§ **TASK TO COMPLETE**
Return the data word for word. Pictures are to be omitted.

§ **RECORDS FOR THIS TASK**
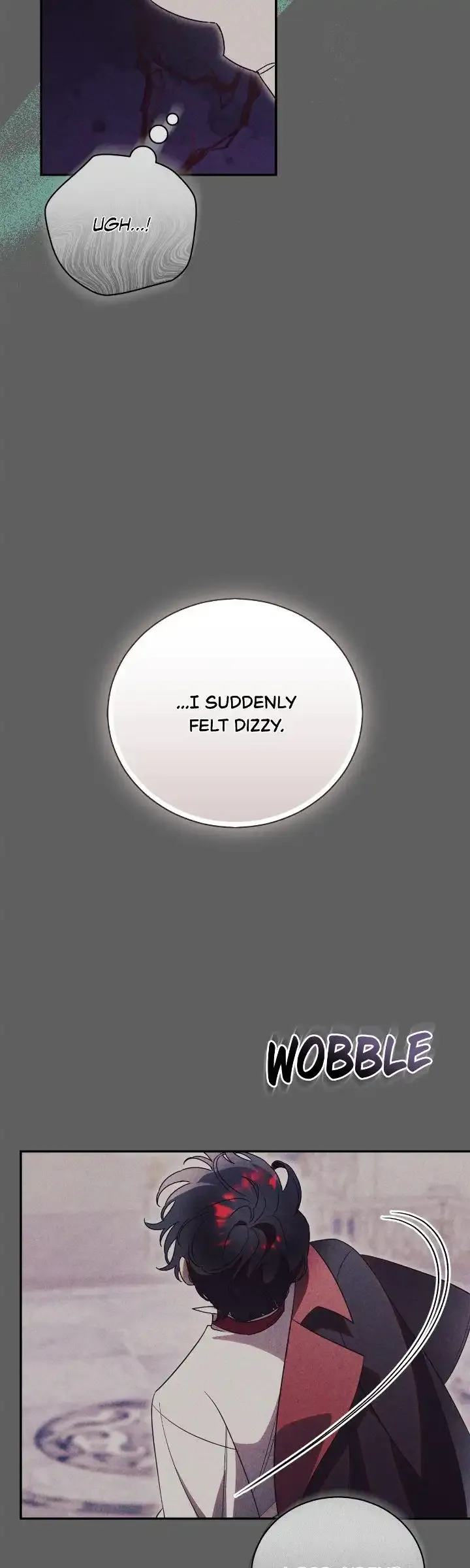 How To Reject My Obsessive Ex-Husband Chapter 62 Online - página 9
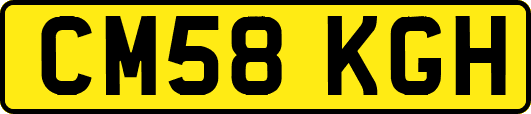 CM58KGH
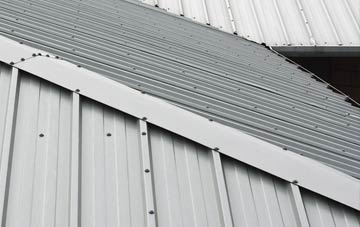 disadvantages of Llanynghenedl metal roofing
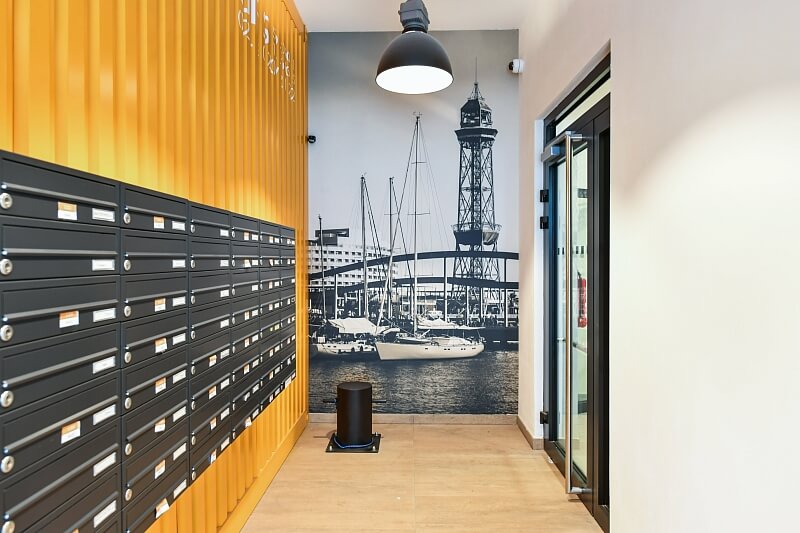 Počernická, Strašnice - Praha 10 | Pronájem, Byt 2+kk, 54 m²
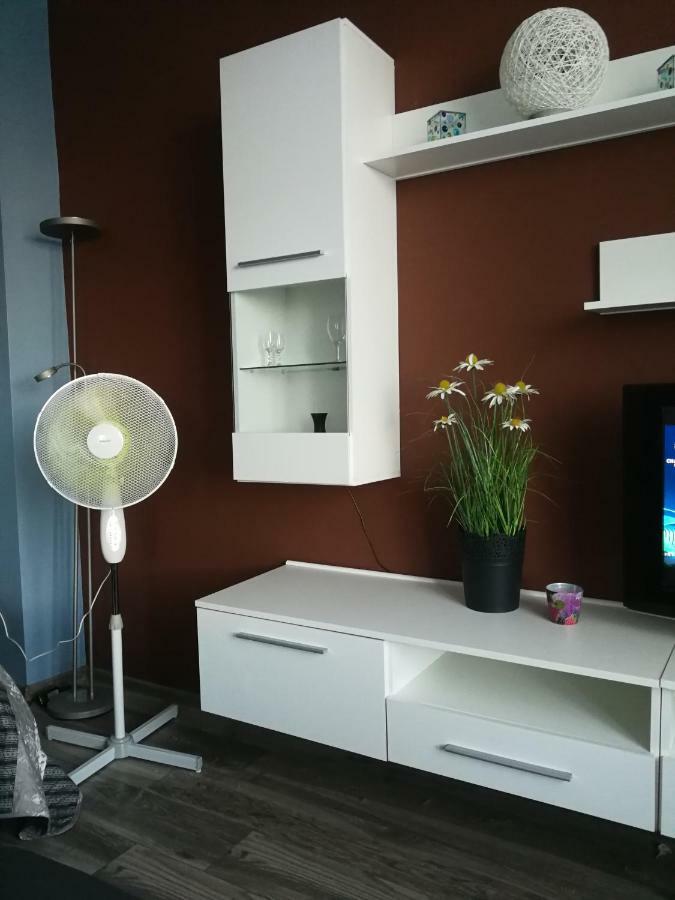 Apartament Pmc Gdynia Exterior photo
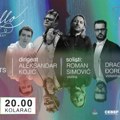 Na Kolarcu čelo fest: Četrnaesti festival posvećen umetnosti sviranja na violončelu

§ **WRITTEN RESPONSE**
 How To Reject My Obsessive Ex-Husband Chapter 62 Online - página 9
 CM58KGH
 disadvantages of Llanynghenedl metal roofing
 Počernická, Strašnice - Praha 10 | Pronájem, Byt 2+kk, 54 m²
 Apartament Pmc Gdynia Exterior photo
 Na Kolarcu čelo fest: Četrnaesti festival posvećen umetnosti sviranja na violončelu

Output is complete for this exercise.